# Screensaver Help-Request?



## gates4100 (Feb 17, 2011)

I am a total newbie when it comes to the K3, just got it over a week ago. I am curious about screensavers? When my K3 is in sleep mode these pics come up of authors, etc-is that the screensaver?

Is there a way to add new ones? But if so, I am so very computer iliteriate....is ther somewhere I can request some to be made??

Any help would be great   I am interested in screensavers of flowers, animals( dogs-Labrador retrievers-I have one), seals and tigers-Looove tigers!!,whaless,cenery,  Also is there a way to convert pictures into my Kindle?


----------



## pidgeon92 (Oct 27, 2008)

gates4100 said:


> I am a total newbie when it comes to the K3, just got it over a week ago. I am curious about screensavers? When my K3 is in sleep mode these pics come up of authors, etc-is that the screensaver?

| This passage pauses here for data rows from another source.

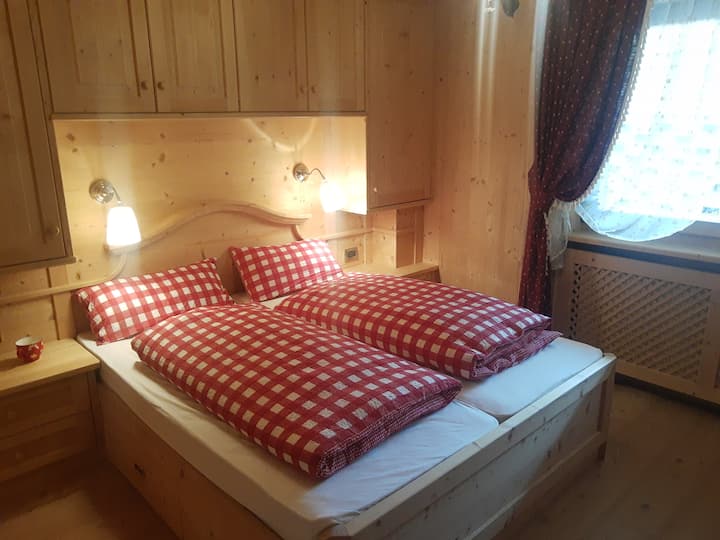Dormitorio con cama doble
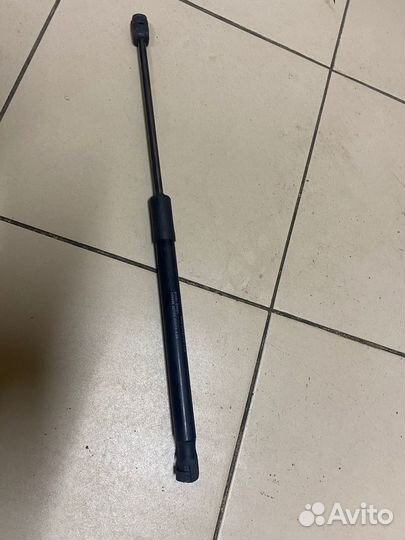 Амортизатор капота Kia Optima 4 Рестайлинг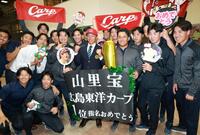 広島からドラフト１位指名され、部員から祝福される亜大・山里宝（中央）＝撮影・伊藤笙子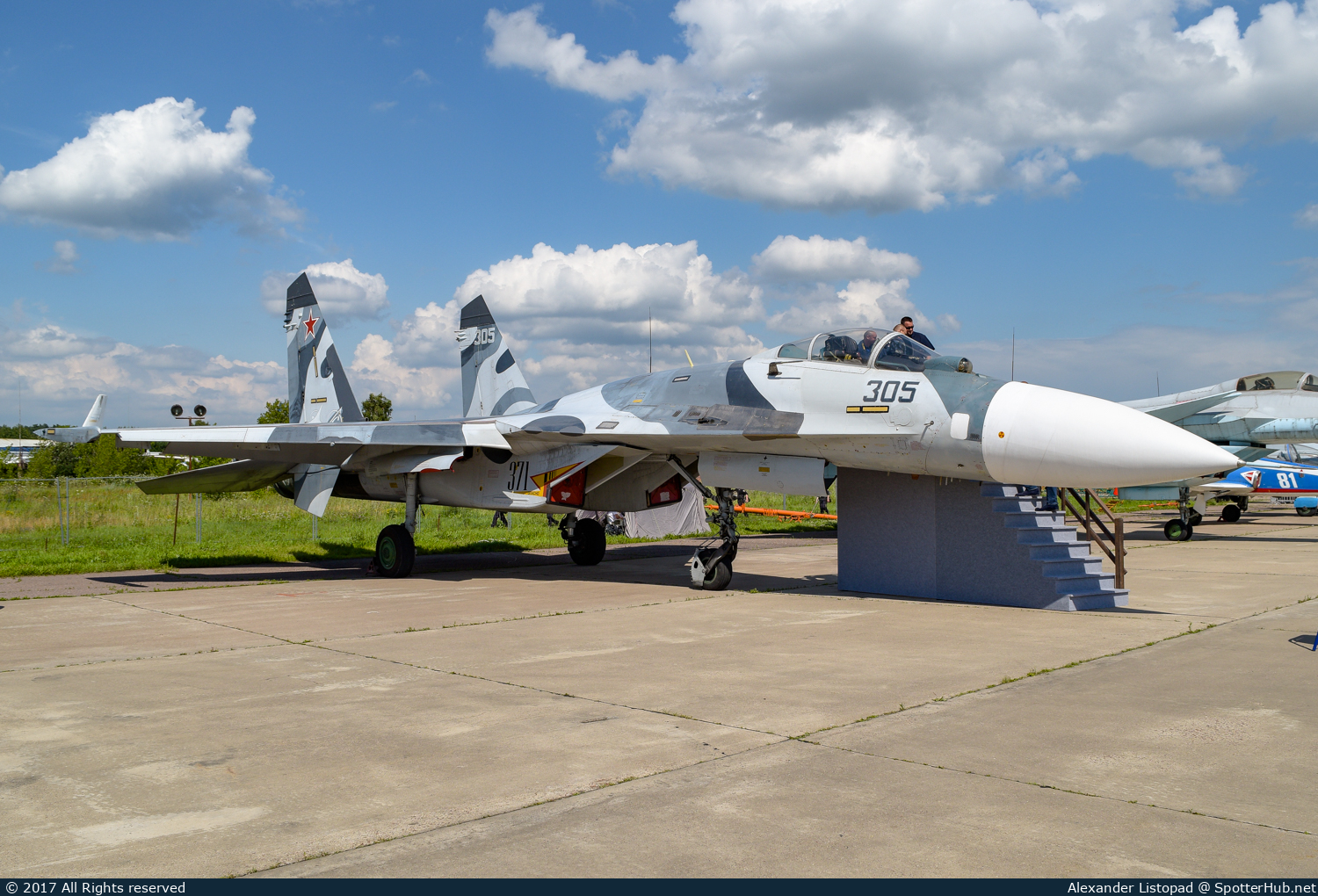 Photo of 305 - Sukhoi Su-27SKM Flanker operated by Sukhoi Design Bureau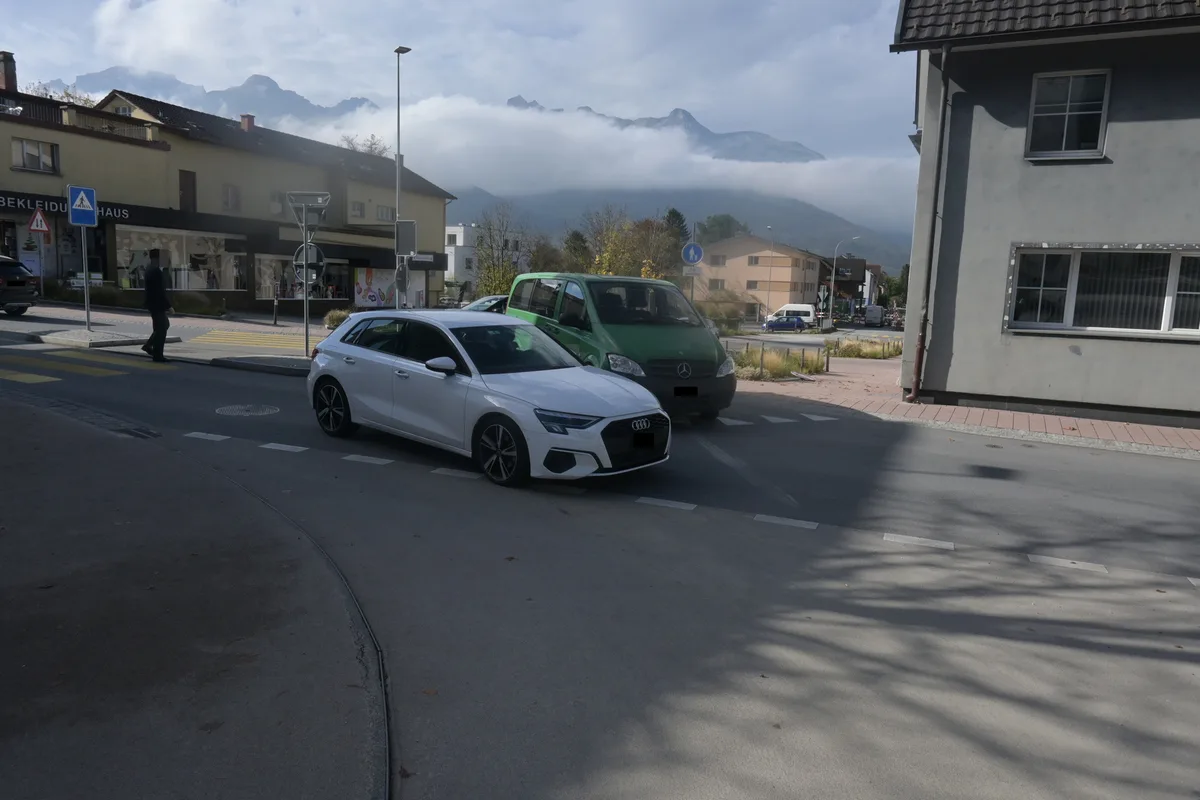 Schaan FL - Mit einem vortrittsberechtigten Auto kollidiert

Yes, those are the screensavers. Really more of a sleep picture, to let you know what state your Kindle is in.

In order to change them/add your own, you need to hack your Kindle via your PC/Mac. If you are not comfortable using your PC and figuring out what file does what, you really should consider leaving it as is. It's not really so much a matter of you might damage the Kindle, as it is of the possibility you will need to remove the hack at some point, and that gets very confusing for people.


----------